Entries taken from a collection
——————

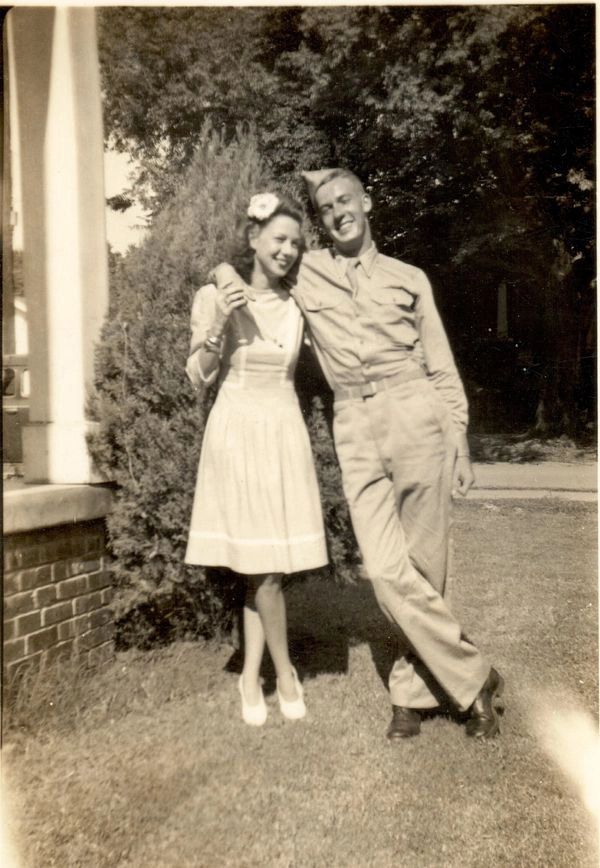 Soldier and woman posing together.
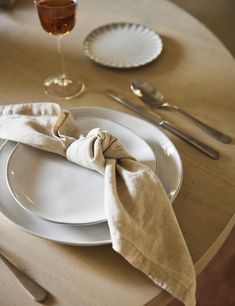 a white plate topped with a napkin next to a wine glass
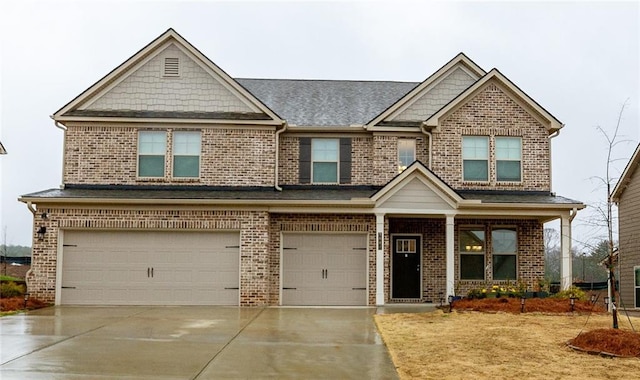 craftsman-style house with an attached garage, concrete driveway, and brick siding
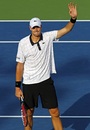 John Isner waves to the crowd after his victory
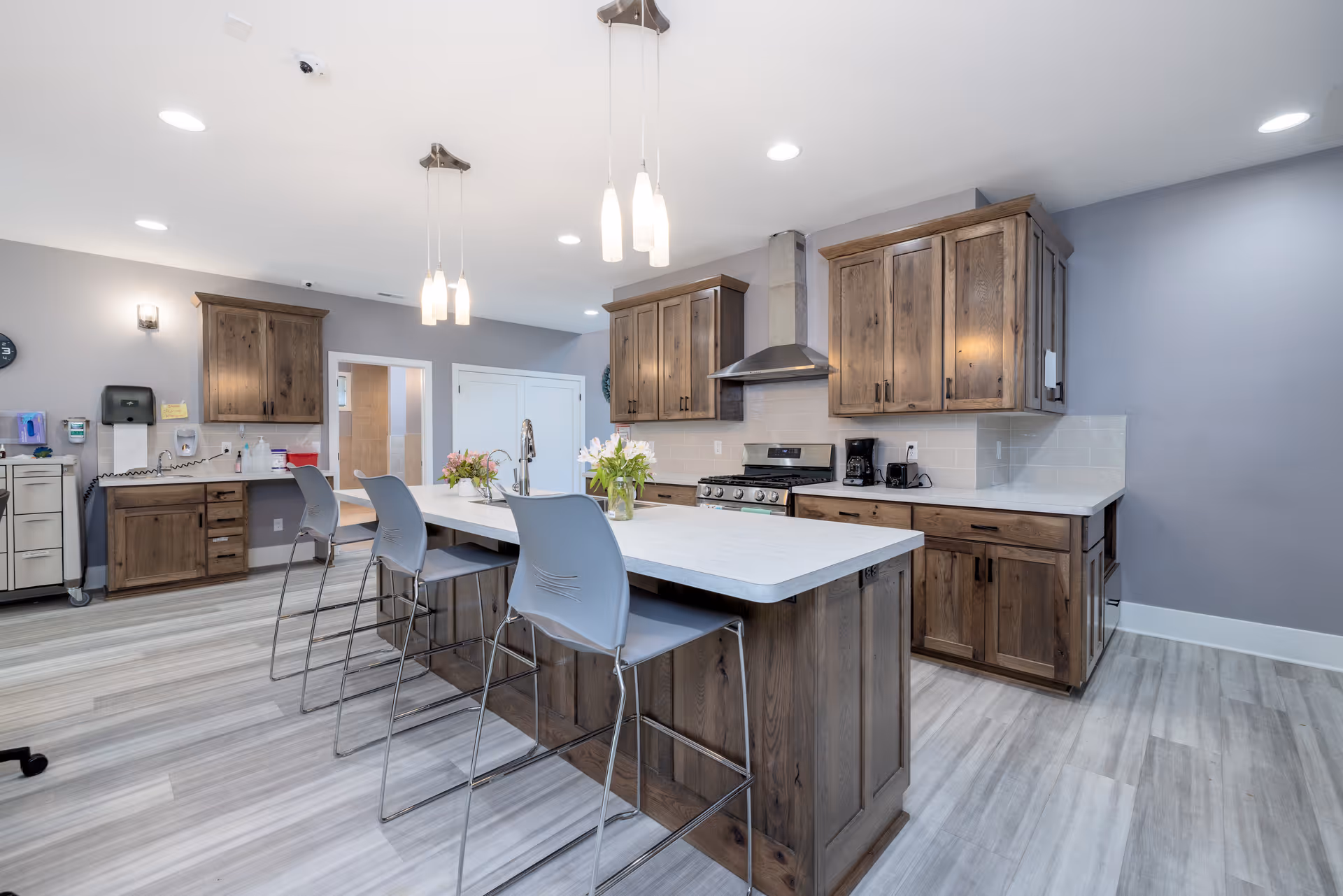 Modern communal kitchen with island, wooden cabinets, and bar stools in a senior facility.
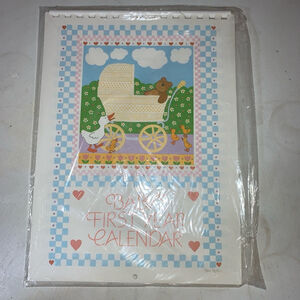 Vintage “Baby’s First Year Calendar” new old stock in the original packaging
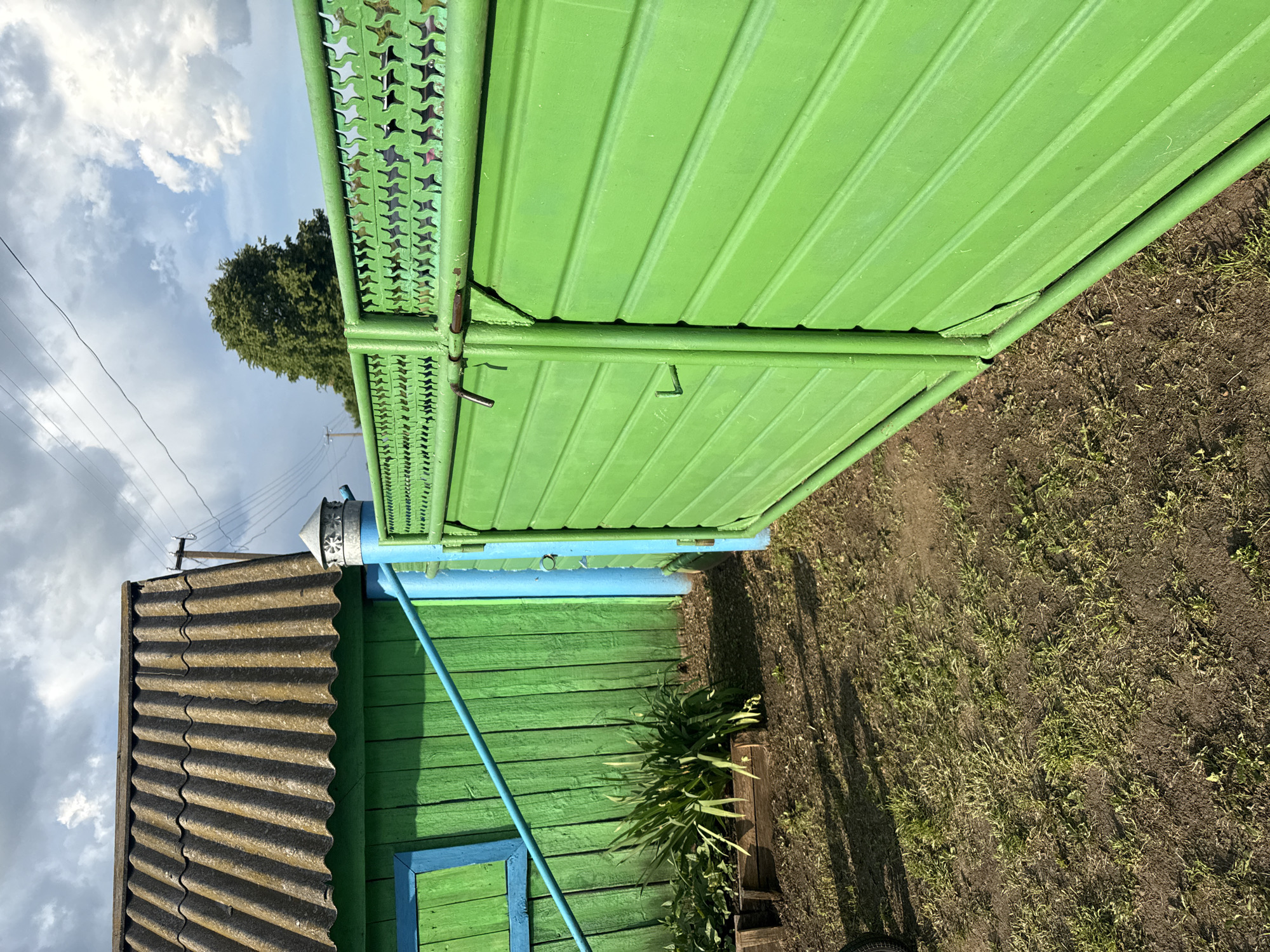 A bright green metal gate with a star-shaped pattern on its upper section stands to the right of the image. The gate is partially open, revealing the interior of a yard. To the left of the gate, a green wooden building with a corrugated roof is visible. A blue window frame is present on the building's wall. In front of the building, a wooden planter box holds lush green plants. The ground is a mix of dirt and sparse grass, with shadows cast by the objects in the scene. The sky above is partly cloudy with dramatic clouds. The scene appears to be in an outdoor rural or semi-rural setting. The location is identified as Чуй-Атасево, Russia.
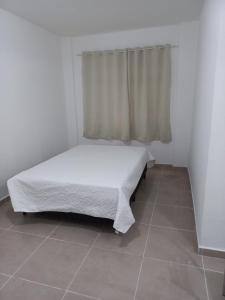 Habitación pequeña con cama y ventana en Apartamento living, en São Vicente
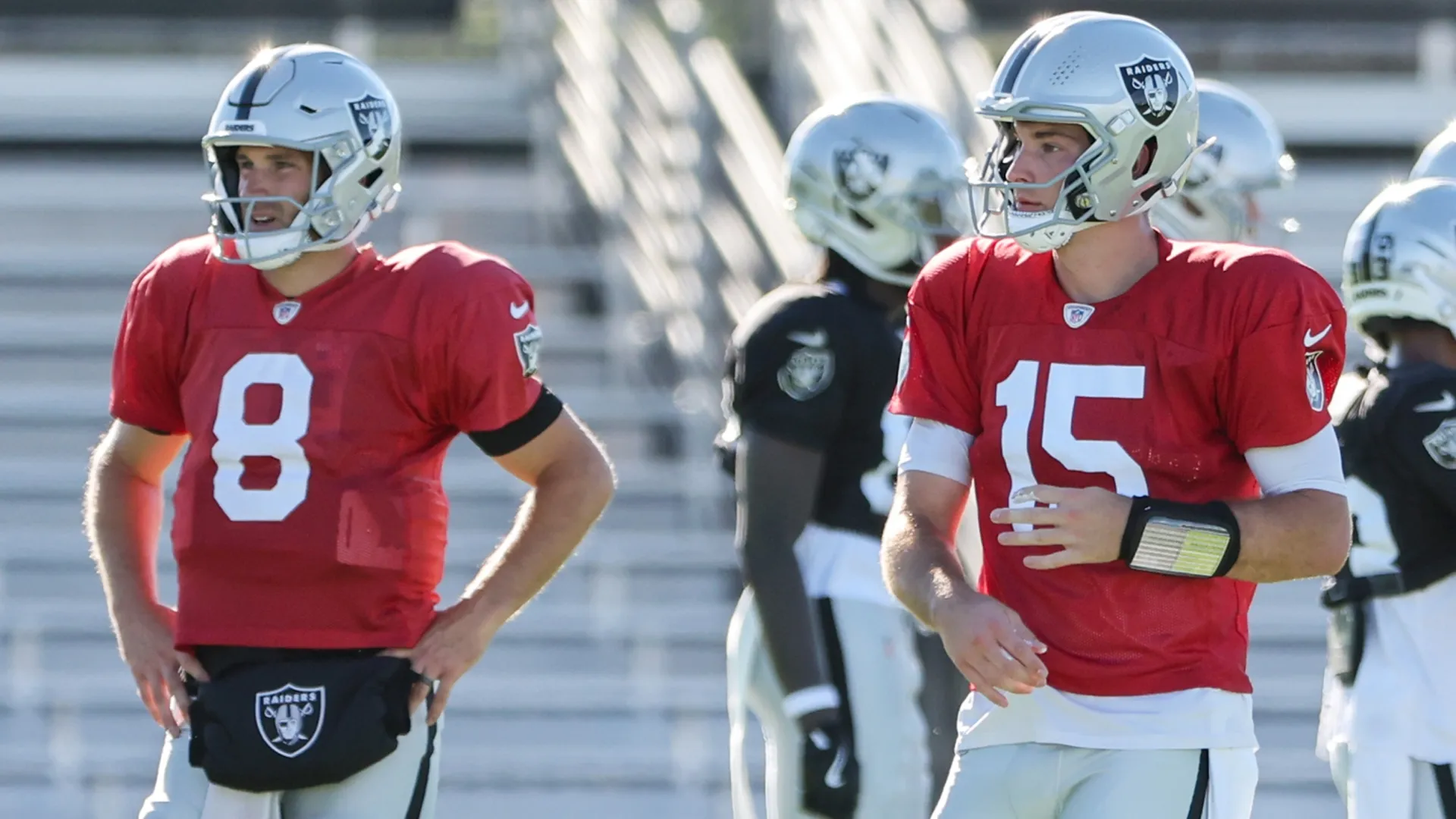 Kirk Cousins #8 and Fernando Mendoza #15 of the Las Vegas Raiders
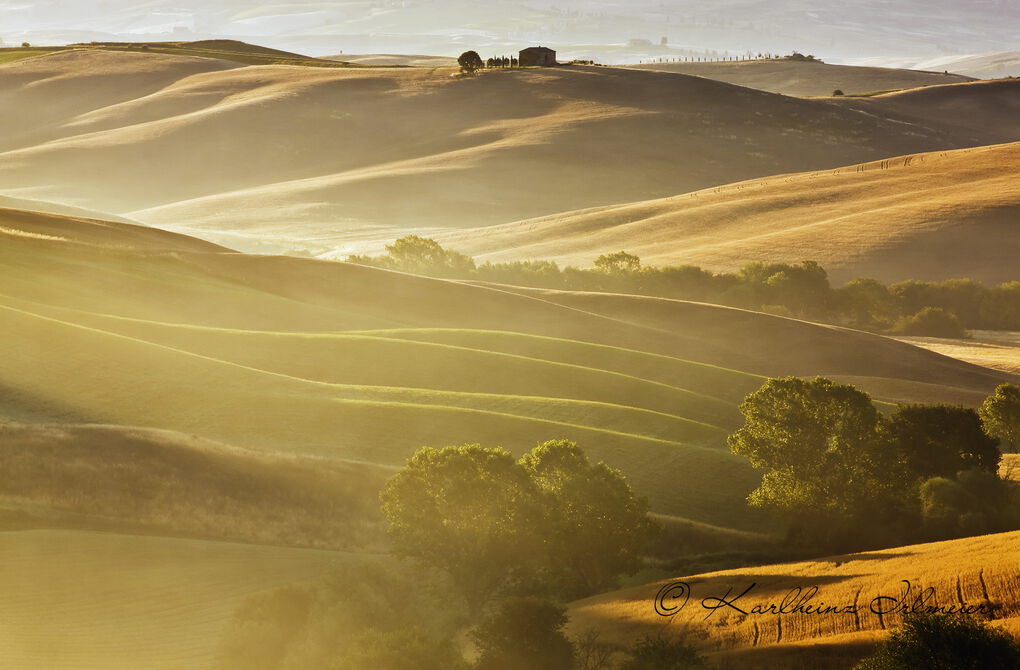 Hilly landscape in the morning mist, Tuscany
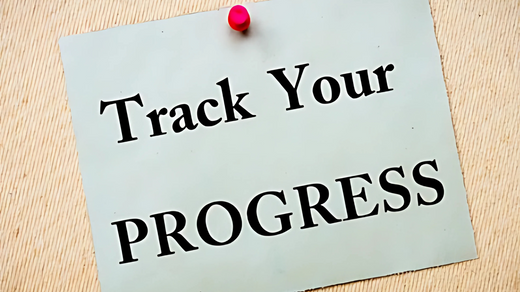 A beige note pinned to a corkboard with the words "Track Your Progress" written in bold black letters.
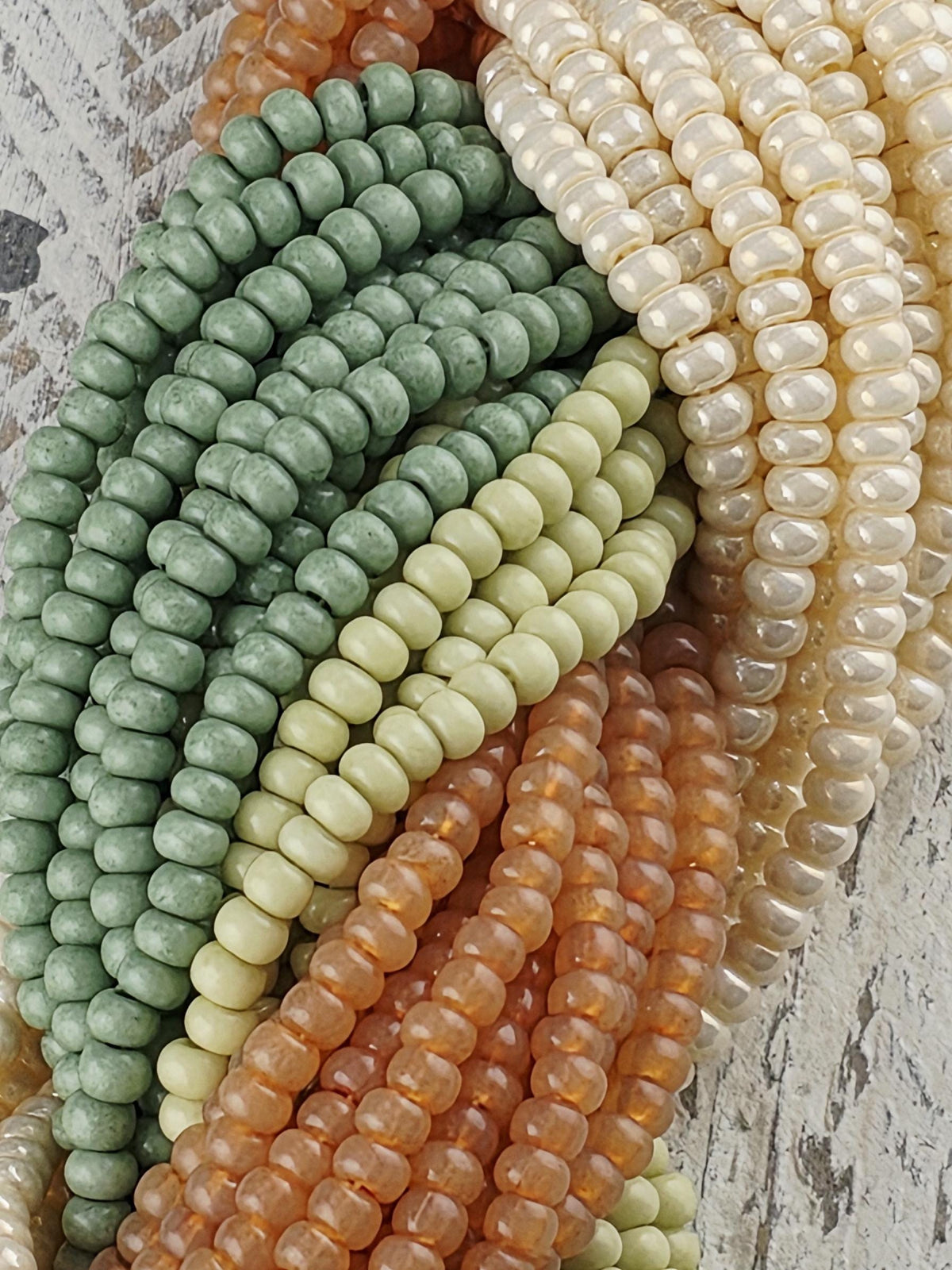 A collection of colorful beads, including white, green, orange, and yellow beads, arranged in a visually appealing manner.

——————

Only the lines from the one containing "A bright green" through the last line of the entries should be transcribed, exactly and with no pictures.

 A bright green metal gate with a star-shaped pattern on its upper section stands to the right of the image. The gate is partially open, revealing the interior of a yard. To the left of the gate, a green wooden building with a corrugated roof is visible. A blue window frame is present on the building's wall. In front of the building, a wooden planter box holds lush green plants. The ground is a mix of dirt and sparse grass, with shadows cast by the objects in the scene. The sky above is partly cloudy with dramatic clouds. The scene appears to be in an outdoor rural or semi-rural setting. The location is identified as Чуй-Атасево, Russia.
 Habitación pequeña con cama y ventana en Apartamento living, en São Vicente
 Kirk Cousins #8 and Fernando Mendoza #15 of the Las Vegas Raiders
 Hilly landscape in the morning mist, Tuscany
 A beige note pinned to a corkboard with the words "Track Your Progress" written in bold black letters.
 A collection of colorful beads, including white, green, orange, and yellow beads, arranged in a visually appealing manner.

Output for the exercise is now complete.